Der Gatte hat gestern die Küchenarbeitsplatte geölt (Leinöl auf Buche) und deshalb musste vorher das gesamte Geraffel abgeräumt werden. Eine frischgeölte Arbeitsplatte ohne Geraffel darauf inspiriert …

Während der Gatte heute morgen den Hund lüftete, wischte ich final über die Arbeitsplatte und nahm danach mit meinem Kaffee (jaaaa! Kaffee ist erlaubt!) darauf Platz und ließ den Blick durch die Küche schweifen. Ein kritischer Blick, ein Blick, den der Gatte fürchtet. Jetzt habe ich nicht nur einige Ideen, sondern auch Pläne für die konkrete Umsetzung. Der Gatte nickte resigniert und letztlich ist es ja so, dass er nach meinen Umräum- und „alles wird jetzt anders“-Aktionen hinterher mehr oder weniger zähneknirschend zugibt, dass das gute Ideen waren.

In der Küche wird Folgendes passieren:

– das ganze „ich bin gerüstet, falls plötzlich Thorin, Bifur, Bofur, Fili, Kili, Dori, Nori, Ori, Oin, Glóib, Balin, Dwalin und Bombur samt aller Verwandten zum Essen kommen“-Geschirr kommt aus dem Schrank und wird in die Halle geräumt. Dort kann es ja jederzeit wieder hervorgeholt werden, falls Bedarf ist.

– Der Schrank des Grauens aka der Tupperschrank (zwei! Unterschränke voll) wird erneut entrümpelt. Das habe ich vorletztes Jahr schon mal getan und keine der ausgemisteten, ach so unentbehrlichen Schüsseln wurde je vermisst. Ich sortiere aus und lagere in der Halle, denn falls wir doch die Schüssel, in die exakt anderthalb Eigelb passen vermissen sollten, können wir sie uns wieder aus der Halle holen. Erfahrungsgemäß geschieht das nicht und der Kram aus der Halle kann entsorgt werden.

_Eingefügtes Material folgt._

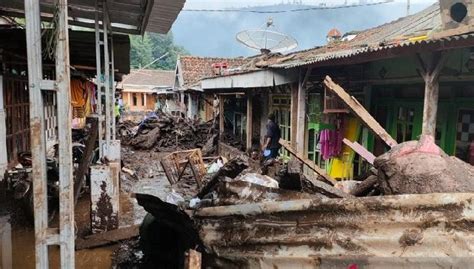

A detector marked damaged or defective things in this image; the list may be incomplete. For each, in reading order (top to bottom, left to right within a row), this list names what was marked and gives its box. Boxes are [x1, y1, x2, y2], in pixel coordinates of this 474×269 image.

broken wood debris [324, 75, 398, 147]
rusted metal sheet [90, 163, 119, 232]
rusted metal sheet [194, 193, 474, 266]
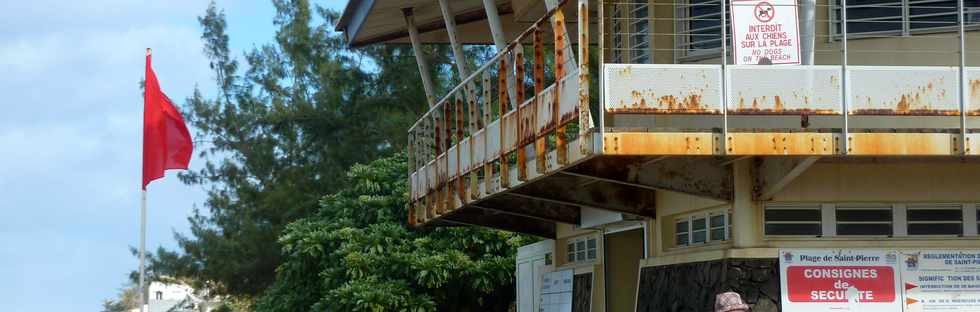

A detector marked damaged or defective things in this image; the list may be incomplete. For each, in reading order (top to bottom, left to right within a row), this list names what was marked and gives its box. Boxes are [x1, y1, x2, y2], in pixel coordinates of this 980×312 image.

rusty metal railing [406, 0, 596, 225]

– der hoffentlich gewonnene Platz wird umgehend mit den Vorräten befüllt, die sich in den Hängeschränken befinden. Die kommen nämlich ab und weg. An die gesamte Wand über Spüle und Herd kommen dann durchgehend offene Regale. Über dem Herd haben wir das schon seit Jahren und entgegen aller Unkenrufe schmutzt das dort stehende Geschirr nicht zu sehr ein. (es ist unser Alltagsgeschirr und somit sowieso ständig im Spülkreislauf)

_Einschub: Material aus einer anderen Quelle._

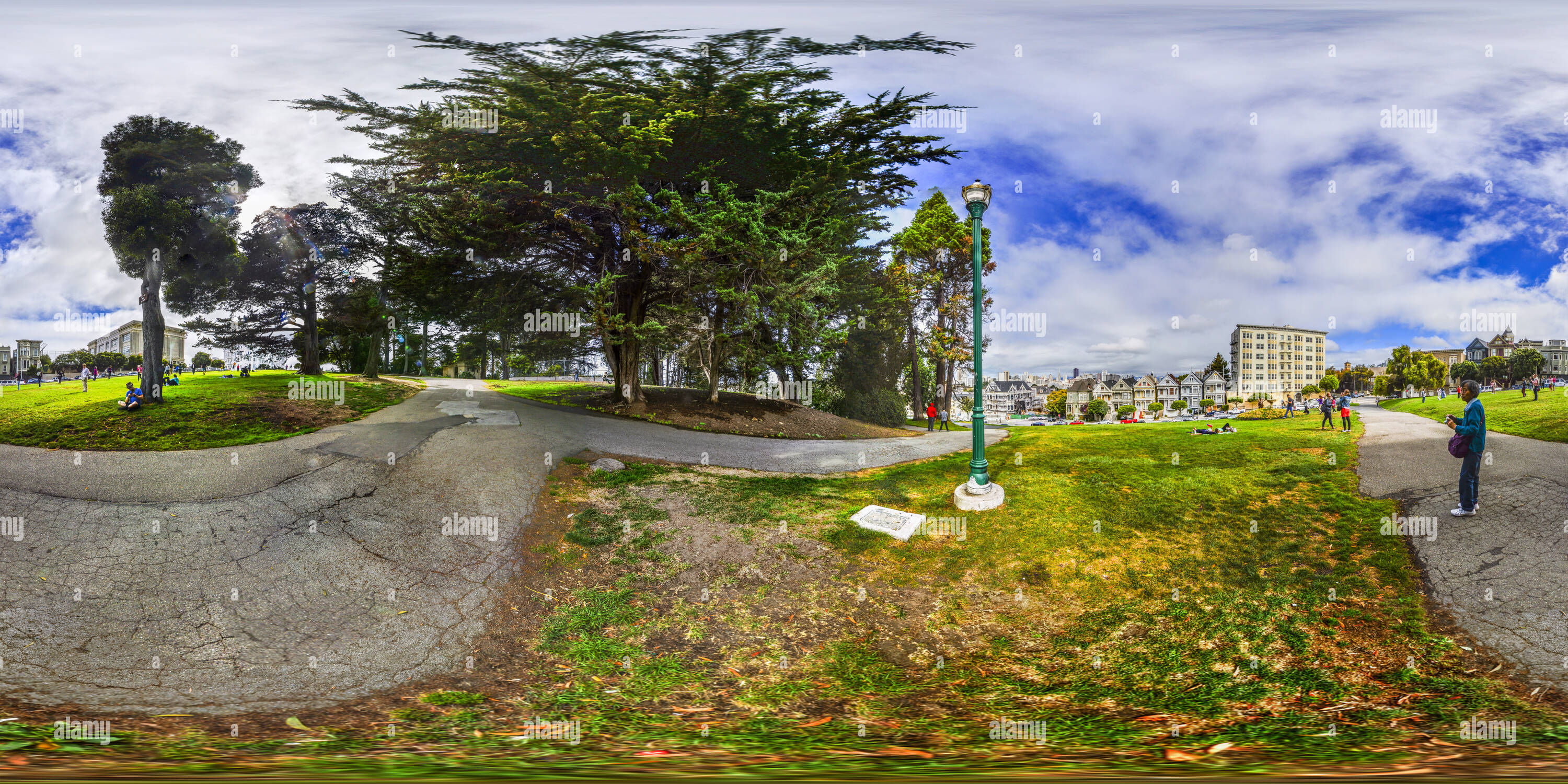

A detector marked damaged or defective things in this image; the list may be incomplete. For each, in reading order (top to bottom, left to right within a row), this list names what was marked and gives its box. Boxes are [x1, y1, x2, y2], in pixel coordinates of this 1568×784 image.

cracked pavement [0, 376, 1004, 715]
cracked pavement [1355, 401, 1562, 690]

– das alte, dunkelgraue Kunststoff-Spülbecken, dass schlimm verkalkt und ganz schön eklig ist, wird gegen ein weißes Keramikbecken getauscht. So wie wir eines gefunden haben, das uns gefällt und das wir uns trotzdem leisten können.

– ein neuer Kühlschrank muss her, der alte hat mit seinen neunzehn Jahren jetzt erste Ausfallerscheinungen. Am Liebsten würde ich auch die deckenhohen Einbauschränke, in denen Backofen und Kühlschrank stecken, gegen etwas dreiviertel Hohes austauschen, doch dafür muss ich erst ein bißchen nähen. (und wieder ein Gewerbe anmelden/andere Baustelle)

– Decke und Wände streichen, idealerweise bevor die Regale an die Wand geschraubt werden.

– überlegen, ob die verbleibenden Küchenschränke eine neue Lackierung vertragen. Ich habe da so eine Idee.

Was jetzt noch fehlt: ein Wochenende Zeit und noch ein bißchen mehr Gesundheit.